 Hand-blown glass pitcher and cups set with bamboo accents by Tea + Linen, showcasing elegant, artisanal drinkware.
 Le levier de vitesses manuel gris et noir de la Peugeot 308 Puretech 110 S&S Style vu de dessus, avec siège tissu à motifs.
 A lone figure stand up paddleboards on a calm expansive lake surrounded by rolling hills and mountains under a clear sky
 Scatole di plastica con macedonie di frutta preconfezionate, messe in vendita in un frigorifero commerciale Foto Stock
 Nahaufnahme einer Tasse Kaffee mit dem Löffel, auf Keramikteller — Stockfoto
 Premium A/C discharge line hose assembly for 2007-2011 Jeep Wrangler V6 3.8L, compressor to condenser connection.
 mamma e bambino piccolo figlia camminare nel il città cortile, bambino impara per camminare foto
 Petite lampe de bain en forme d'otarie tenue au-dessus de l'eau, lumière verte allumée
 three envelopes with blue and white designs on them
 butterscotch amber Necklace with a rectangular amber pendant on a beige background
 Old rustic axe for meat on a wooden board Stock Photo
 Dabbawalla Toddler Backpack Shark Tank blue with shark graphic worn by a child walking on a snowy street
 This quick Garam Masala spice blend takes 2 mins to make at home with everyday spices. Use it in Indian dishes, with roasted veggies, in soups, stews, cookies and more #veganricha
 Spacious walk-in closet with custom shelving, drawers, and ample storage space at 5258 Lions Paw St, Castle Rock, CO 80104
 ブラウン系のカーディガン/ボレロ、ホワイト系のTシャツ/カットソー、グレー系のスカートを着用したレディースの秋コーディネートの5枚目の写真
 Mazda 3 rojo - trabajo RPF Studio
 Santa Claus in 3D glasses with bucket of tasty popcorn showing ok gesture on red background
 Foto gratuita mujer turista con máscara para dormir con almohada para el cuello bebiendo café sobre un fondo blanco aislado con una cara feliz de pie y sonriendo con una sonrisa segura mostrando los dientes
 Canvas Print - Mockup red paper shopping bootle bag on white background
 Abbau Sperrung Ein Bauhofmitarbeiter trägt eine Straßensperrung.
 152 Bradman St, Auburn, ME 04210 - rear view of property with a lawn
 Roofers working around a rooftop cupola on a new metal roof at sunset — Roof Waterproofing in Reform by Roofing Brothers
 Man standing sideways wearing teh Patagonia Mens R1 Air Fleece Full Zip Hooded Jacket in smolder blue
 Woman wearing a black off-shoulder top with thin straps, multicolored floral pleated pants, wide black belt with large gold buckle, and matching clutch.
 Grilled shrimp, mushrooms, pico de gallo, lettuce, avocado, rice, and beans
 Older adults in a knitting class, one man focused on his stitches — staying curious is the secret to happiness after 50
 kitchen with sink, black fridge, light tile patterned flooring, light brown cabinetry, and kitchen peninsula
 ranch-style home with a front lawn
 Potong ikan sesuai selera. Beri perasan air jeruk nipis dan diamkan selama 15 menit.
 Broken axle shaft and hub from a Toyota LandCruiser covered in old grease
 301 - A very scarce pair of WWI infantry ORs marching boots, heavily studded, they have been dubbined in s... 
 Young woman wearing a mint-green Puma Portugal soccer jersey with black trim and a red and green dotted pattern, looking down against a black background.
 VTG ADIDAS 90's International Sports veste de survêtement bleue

Problem description
Find the word "dessus" in the listing and copy each line that contains it.

Task solution
 Le levier de vitesses manuel gris et noir de la Peugeot 308 Puretech 110 S&S Style vu de dessus, avec siège tissu à motifs.
 Petite lampe de bain en forme d'otarie tenue au-dessus de l'eau, lumière verte allumée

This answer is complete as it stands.